Two more people have been charged in a federal court in Maine for their roles in an alleged illegal marijuana grow in rural Maine. 

Guo Hong Lei and Xiandu Zhang are now the second and third people charged with crimes in connection to illegal marijuana grow houses in Maine and mark the latest efforts by the federal government to crack down on the grow houses. A leaked federal memo from last August said there were up to 270 large-scale illegal grows in Maine connected to Chinese organized crime. 

That claim has been substantiated further by FBI Director Christopher Wray who previously said that homes, typically in rural Maine, are being turned into growing and processing facilities tied to Chinese organized crime. 

The pair lived at and operated a grow house at 56 Pine St. in Mexico for at least two years, according to a court affidavit by Jonathan Richards, an officer on a U.S. Drug Enforcement Administration task force. The house is located across from a day care and about 950 feet from a middle school, according to Richards. 

The house was searched by federal authorities June 14, and a total of 498 marijuana plants were found along with multiple spaces outfitted for growing more. The house was purchased by Kun Yu Chen of Quincy, Massachusetts, in 2021 and is still in his name, according to Oxford County property records.

During the investigation, federal law enforcement officials were able to track a van owned by Lei as it traveled back and forth almost a dozen times between the house and the New York City area, which is a “large demand hub for illegal marijuana,” Richards said in his affidavit. 

What’s more, electricity use data obtained by federal authorities from Central Maine Power Co. showed a spike in electricity use dating back to July 2022 and continuing into 2024, which was more evidence of a large-scale marijuana grow operation, according to Richards’ affidavit. 

Zhang told federal law enforcement officers who interviewed him that he’s lived at the Pine Street house for the last two years and that he paid Lei, the other man, monthly to work on the marijuana. Typically, the house produced 20 to 30 pounds of marijuana every month, Zhang told investigators. 

Since the beginning of 2024, police have been raiding and searching properties linked to these large marijuana grow operations all over rural Maine. 

The busts have been in Brownville, Guilford, Milo and Sangerville in Piscataquis County; Corinna, Eddington, Holden and Passadumkeag in Penobscot County; Turner in Androscoggin County; Canaan, Cornville, Harmony, Madison, Mercer, Norridgewock, Ripley, Skowhegan and St. Albans in Somerset County; Jay in Franklin County; Belgrade, China and Chelsea in Kennebec County; Jefferson and Whitefield in Lincoln County; and Belmont and Freedom in Waldo County.

These operations received greater scrutiny after the Penobscot County Sheriff’s Office found an illegal marijuana grow house in Carmel where police seized 3,400 plants and 111 pounds of processed marijuana in late June 2023. As the year continued, police uncovered other large illegal marijuana operations in Dexter, Wilton, Machias and other communities.

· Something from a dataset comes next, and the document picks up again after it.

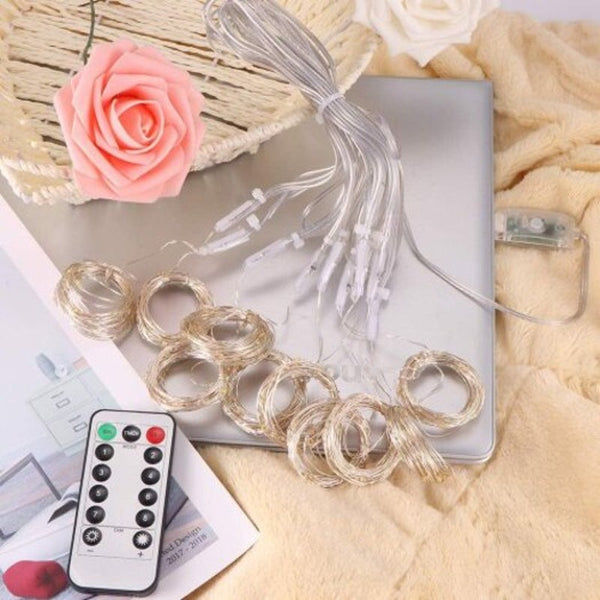 Curtain Lights 300 Led Usb Fairy String Ir Remote Waterproof 8 Settings Twinkle Multicolor String Lights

In April, federal law enforcement officers made their first arrest and brought their first federal charges related to the grows against ​​Xisen Guo for his role in converting a home in Passadumkeag into a large-scale illegal marijuana grow facility.

Zhang is scheduled to next appear in U.S. District Court in Portland on June 26 for a detention hearing. A similar hearing has not yet been scheduled for Lei.

Attorneys for the two men both declined to comment on the cases.

Sawyer Loftus is an investigative reporter at the Bangor Daily News, a 2024-2025 fellow with ProPublica’s Local Reporting Network, and was Maine's 2023-2024 journalist of the year. Sawyer previously...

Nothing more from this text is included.